This package defines the BFloat16 data type, a floating-point format with 1 sign bit, 8 exponent bits and 7 mantissa bits.
Hardware implementation of this datatype is available in Google's Cloud TPUs as well as in a growing number of CPUs, GPUs, and more specialized processors. See the wikipedia entry for more information.
This package is suitable to evaluate whether using BFloat16 would cause precision problems for any particular algorithm, even without access to supporting hardware. Note that this package is designed for functionality, not performance, so this package should be used for precision experiments only, not performance experiments.
This package exports the BFloat16
data type. This datatype behaves
just like any built-in floating-point type
julia> using BFloat16s
julia> a = BFloat16(2)
BFloat16(2.0)
julia> sqrt(a)
BFloat16(1.4140625)
However, in practice you may hit a MethodError
indicating that this package does not implement
a method for BFloat16
although it should. In this case, please raise an issue so that we can
close the gap in support compared to other low-precision types like Float16
. The usage
of BFloat16
should be as smooth as the following example, solving a linear equation system
julia> A = randn(BFloat16,3,3)
3×3 Matrix{BFloat16}:
1.46875 -1.20312 -1.0
0.257812 -0.671875 -0.929688
-0.410156 -1.75 -0.0162354
julia> b = randn(BFloat16,3)
3-element Vector{BFloat16}:
-0.26367188
-0.14160156
0.77734375
julia> A\b
3-element Vector{BFloat16}:
-0.24902344
-0.38671875
0.36328125
In addition, this package provides the LowPrecArray
type.
This array is supposed to emulate the kind
of matrix multiplications that TPUs do well (BFloat16 multiply with Float32
accumulate).

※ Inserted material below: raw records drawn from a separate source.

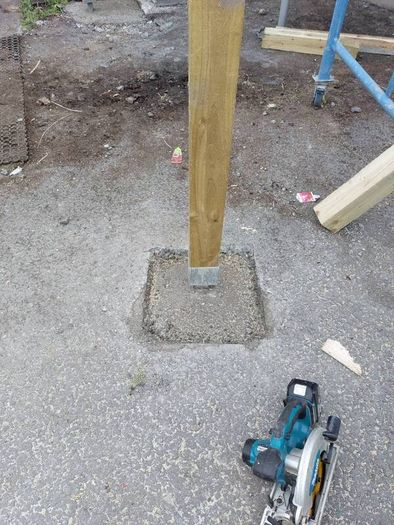 Carpenter/ property maintenance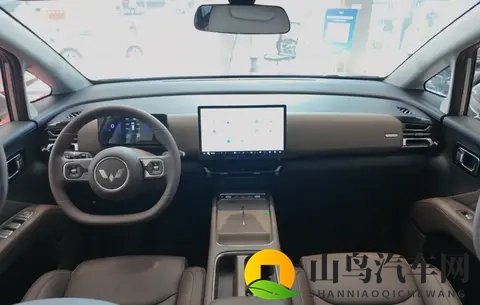 73万元起,星光730:三种动力+舒适大7座,五菱又行了-2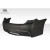 2011-2013 Toyota Corolla W-1 Rear Bumper - 1 Piece - image 5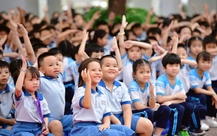 Quy định tuyển sinh lớp 1, lớp 6 vào trường 'hot' ở quận 1, TP.HCM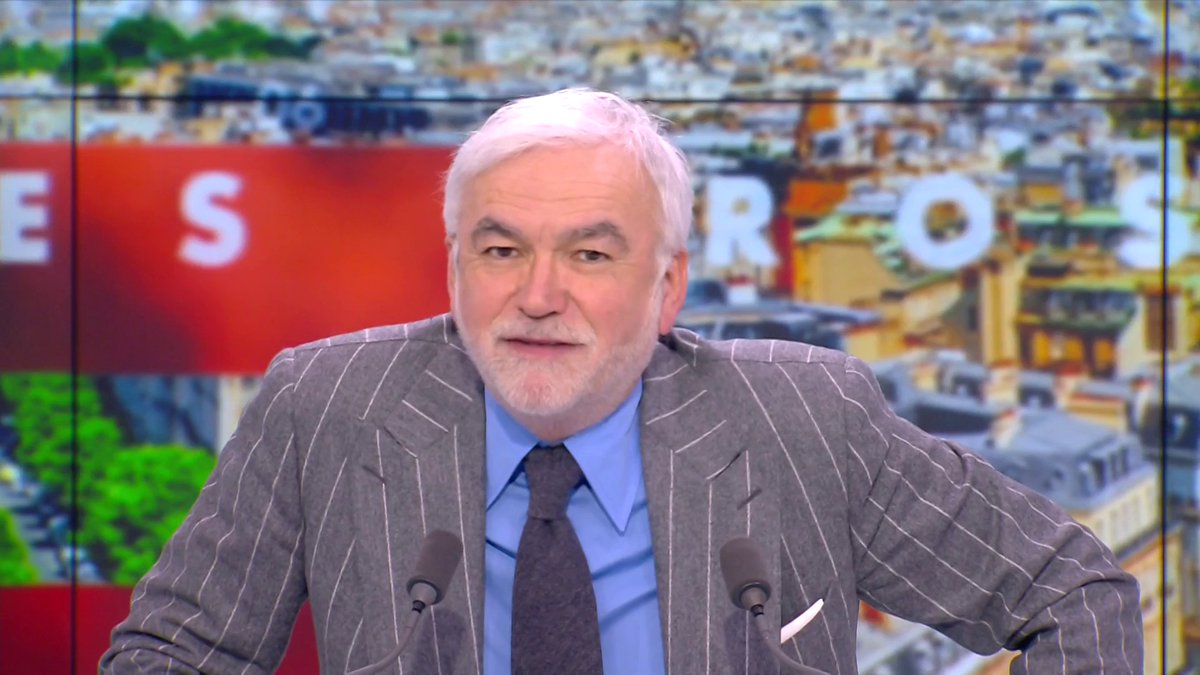 «Pour Donald Trump, l'Europe est méconnaissable» : l'édito de Pascal Praud dans #HDPros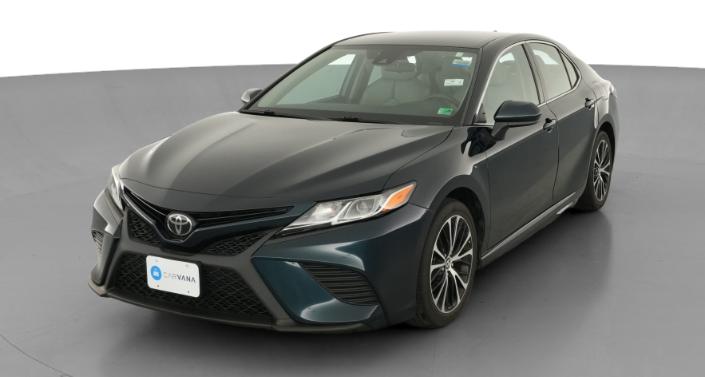 Thumbnail: 2019 Toyota Camry - 1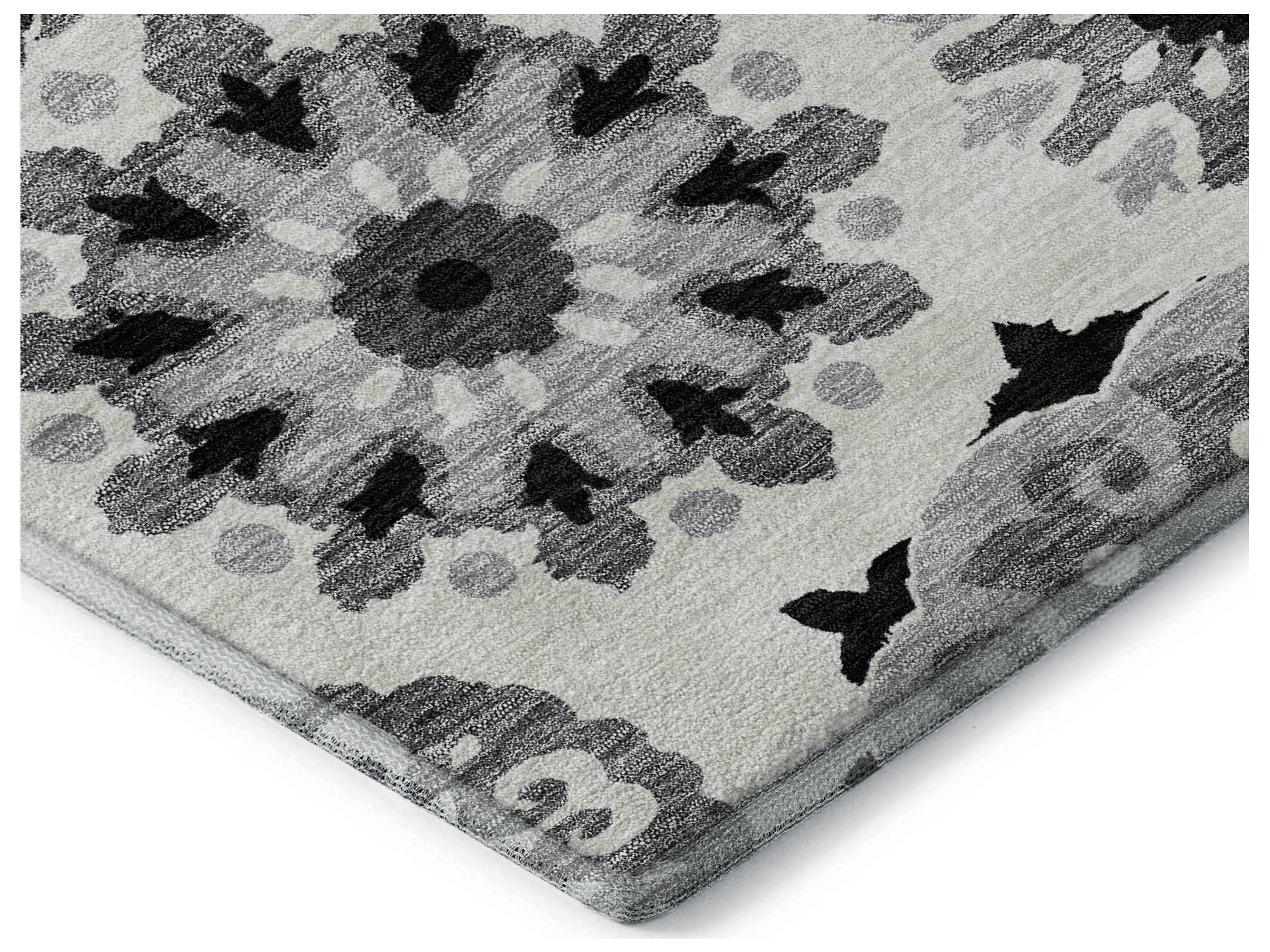 Dalyn Mayfield Damask Area Rug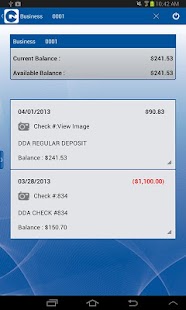 Citizens National Bank 24/7 Screenshots 2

Broadcasts and scalar operations are peformed in Float32 (as
they would be on a TPU) while matrix multiplies are performed in BFloat16 with
Float32 accumulates, e.g.
julia> A = LowPrecArray(rand(Float32, 5, 5))
5×5 LowPrecArray{2,Array{Float32,2}}:
0.252818 0.619702 0.553199 0.75225 0.30819
0.166347 0.976339 0.399945 0.589101 0.526253
0.350232 0.0447034 0.490874 0.525144 0.841436
0.903734 0.879541 0.706704 0.304369 0.951702
0.308417 0.645731 0.65906 0.636451 0.765263
julia> A^2
5×5 LowPrecArray{2,Array{Float32,2}}:
1.13603 1.64932 1.39712 1.27283 1.82597
1.03891 1.93298 1.44455 1.42625 1.86842
0.998384 1.28403 1.37666 1.24076 1.68507
1.18951 2.33245 2.04367 2.26849 2.35588
1.22636 1.90367 1.70848 1.63986 2.1826
julia> A.storage^2
5×5 Array{Float32,2}:
1.13564 1.64708 1.39399 1.27087 1.82128
1.03924 1.93216 1.44198 1.42456 1.86497
1.00201 1.28786 1.37826 1.24295 1.6882
1.19089 2.33262 2.04094 2.26745 2.354
1.22742 1.90498 1.70653 1.63928 2.18076
julia> Float64.(A.storage)^2
5×5 Array{Float64,2}:
1.13564 1.64708 1.39399 1.27087 1.82128
1.03924 1.93216 1.44198 1.42456 1.86497
1.00201 1.28786 1.37826 1.24295 1.6882
1.19089 2.33262 2.04094 2.26745 2.354
1.22742 1.90498 1.70653 1.63928 2.18076
Note that the low-precision result differs from (is less precise than) the result computed in Float32 arithmetic (which matches the result in Float64 precision).